### What is required
What is needed is an exact transcription of the line containing "a bathroom with a bathtub sink and a mirror" and every line after it through the end of the entries below, with no pictures.
● ● ●
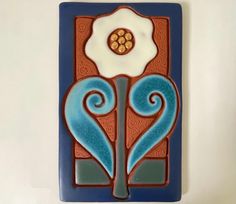 a blue and red tile with a flower on it's side, sitting on a white wall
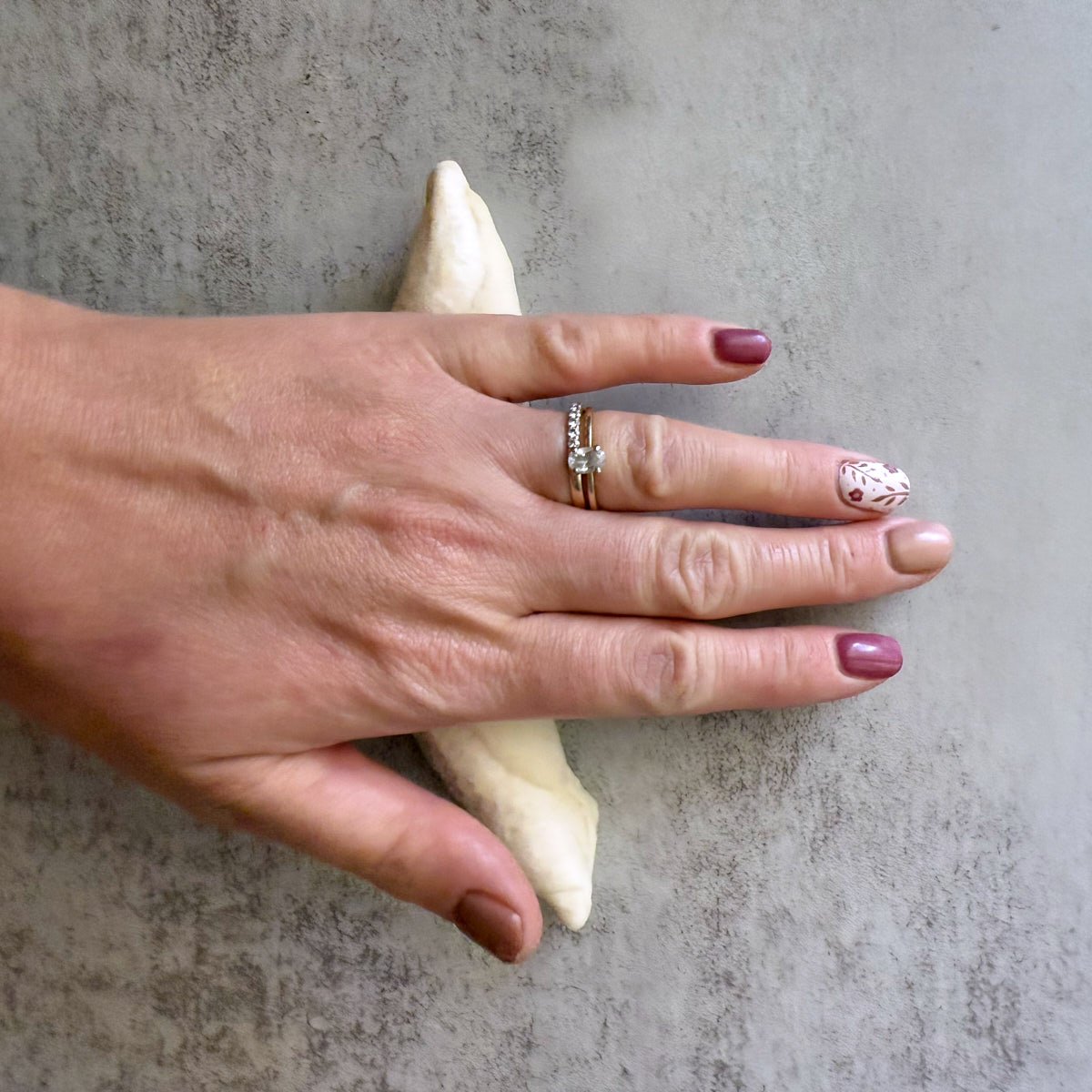 Hand rolling out sourdough breadstick dough into a long log shape.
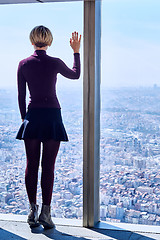 Image showing Young woman in the window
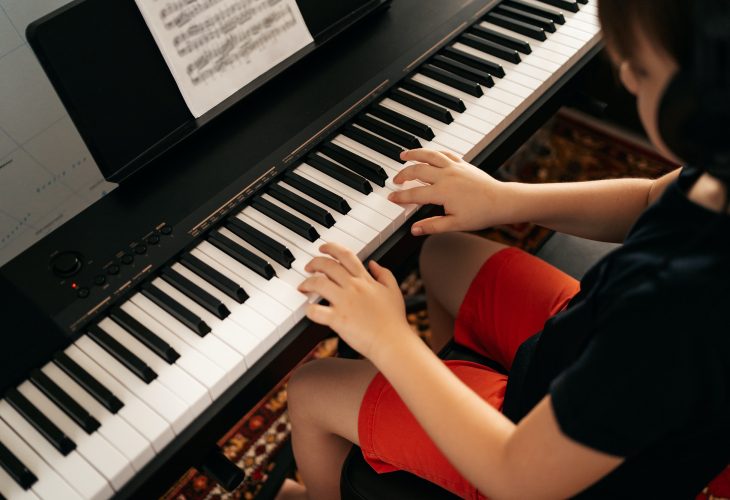 school-boy-playing-synthesizer-at-home.jpg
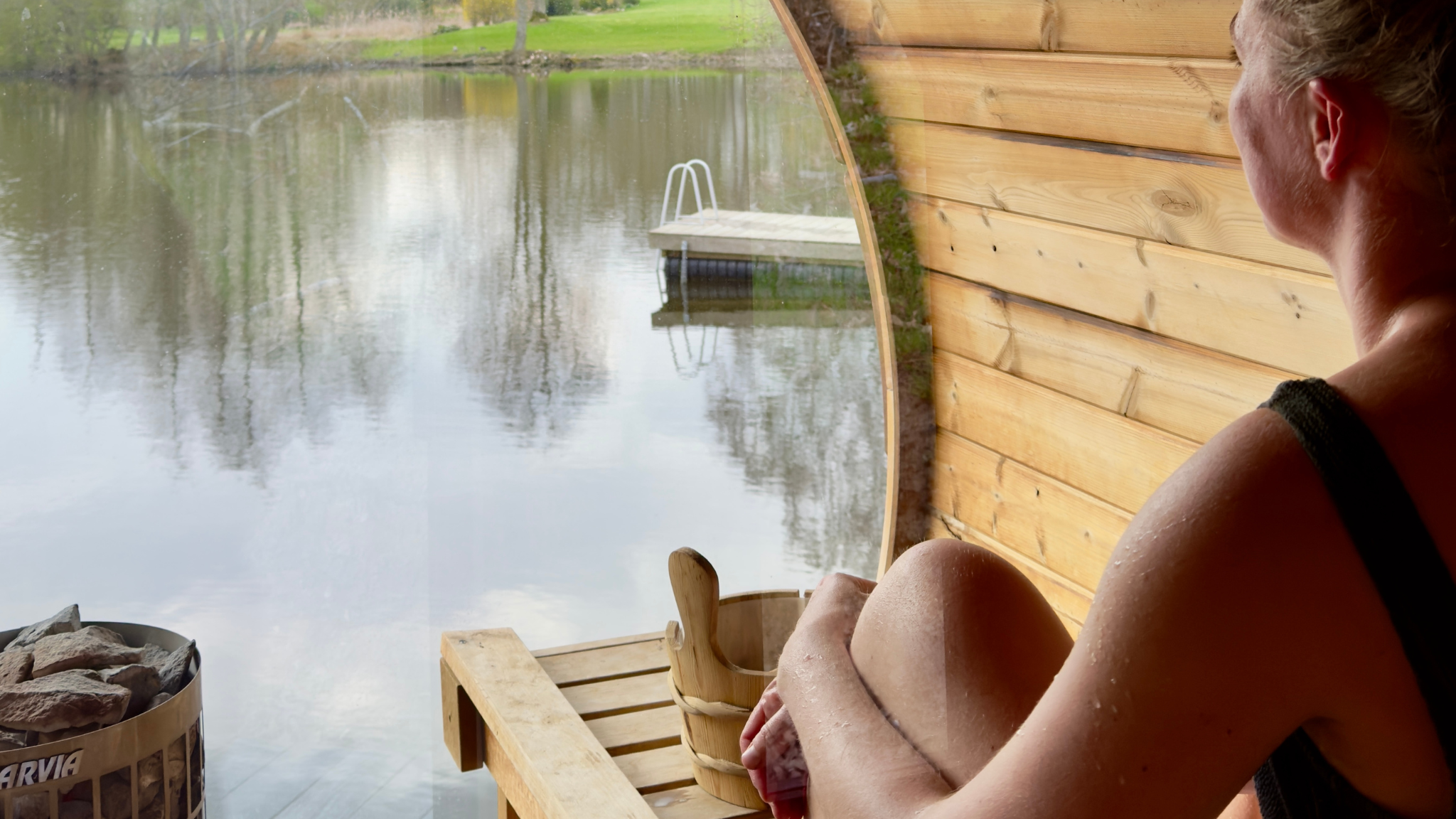 Person relaxing in a sauna at Sonnerupgaard Gods overlooking the lake and bathing jetty.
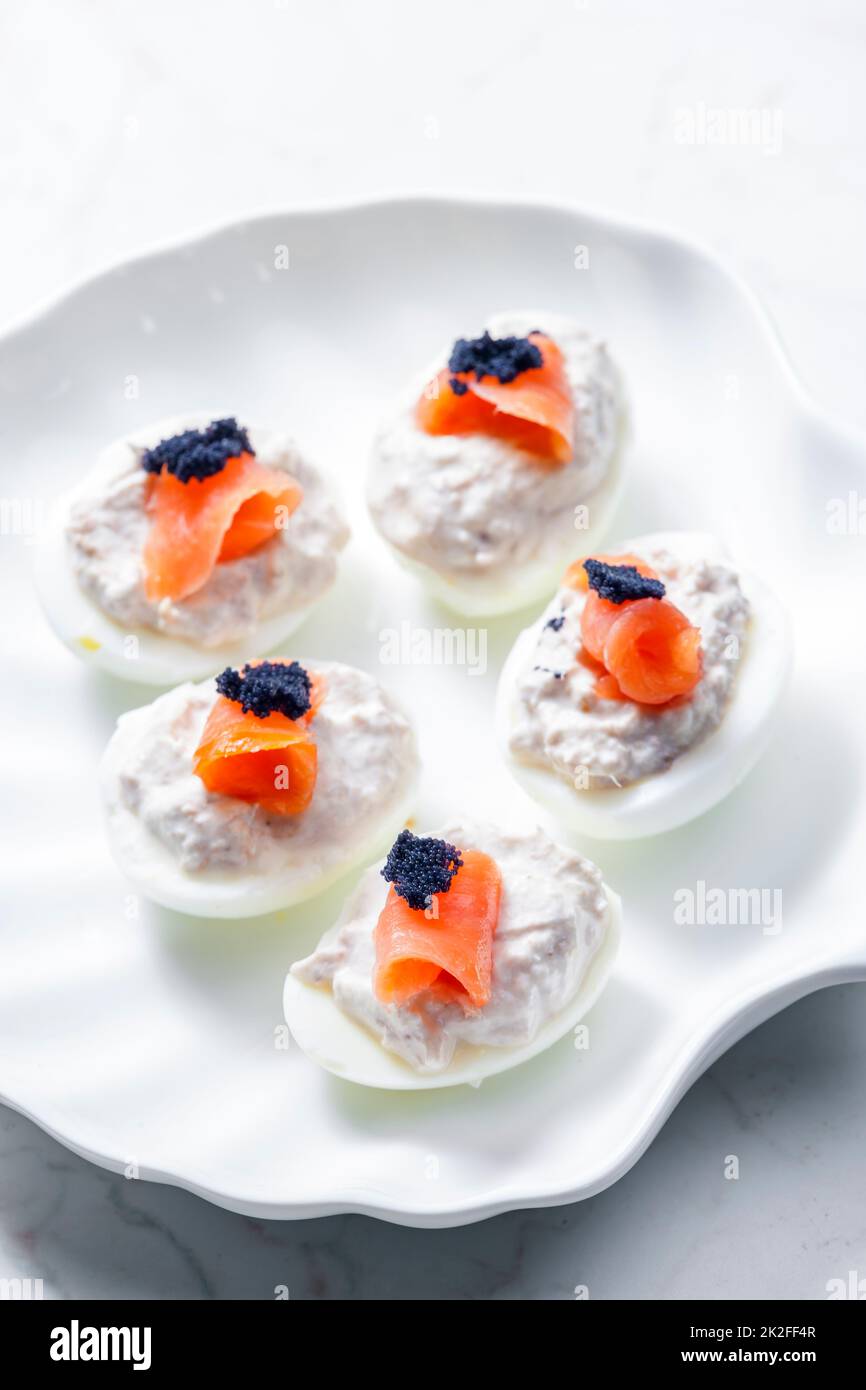 uova sode ripieni di tonno sparso e salmone affumicato e caviale nero sulla parte superiore Foto Stock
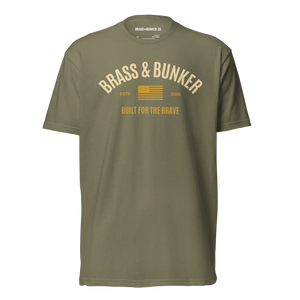 An olive green short-sleeve t-shirt with a vintage-style graphic on the chest reading 'BRASS & BUNKER' in cream and yellow, featuring a small American flag and 'BUILT FOR THE BRAVE' text below.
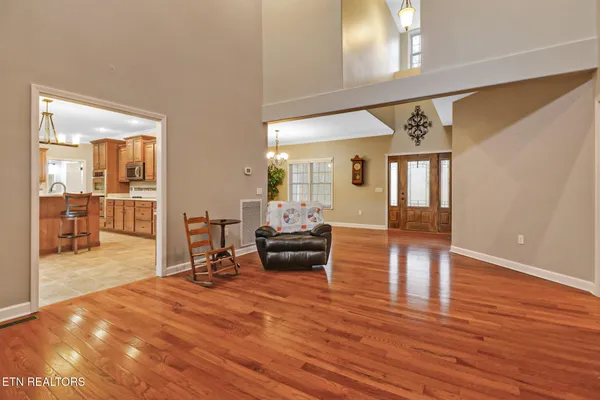 a bathroom with a bathtub sink and a mirror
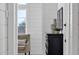 Bright hallway with shiplap walls and a view to a cozy seating area and backyard at 6790 S Springs Pl, Chandler, AZ 85249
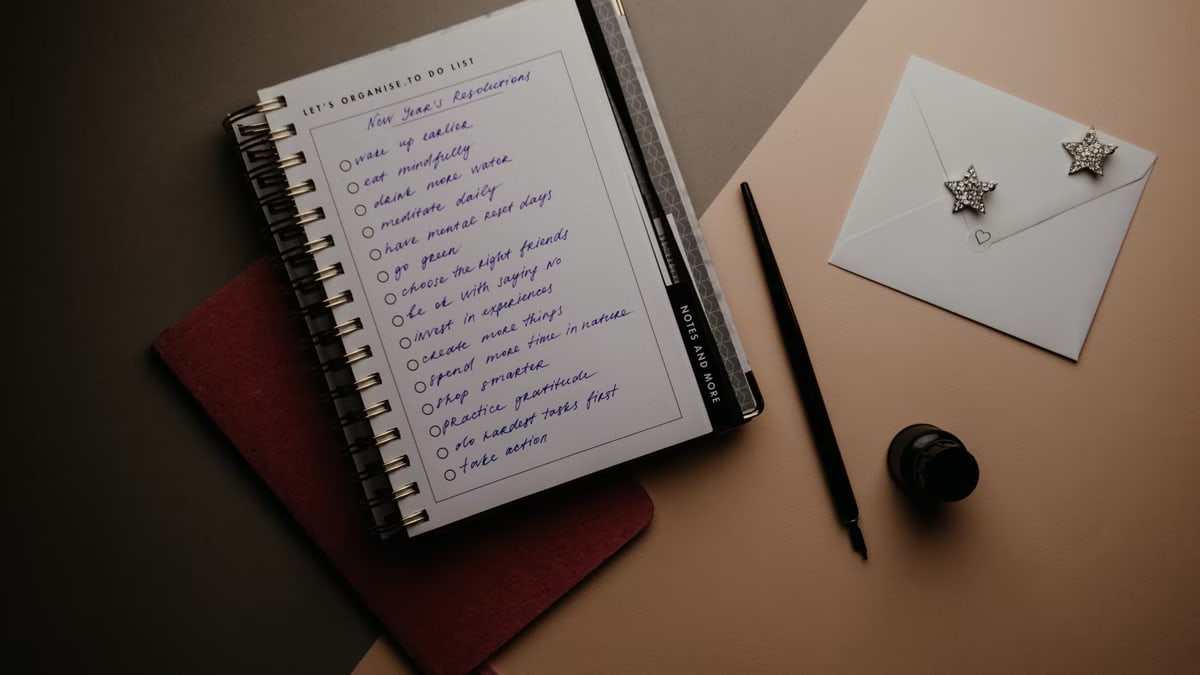 A notebook with new year resolutions and a pen on the desk for organized planning.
● ● ●
### Finished task
 a bathroom with a bathtub sink and a mirror
 Bright hallway with shiplap walls and a view to a cozy seating area and backyard at 6790 S Springs Pl, Chandler, AZ 85249
 A notebook with new year resolutions and a pen on the desk for organized planning.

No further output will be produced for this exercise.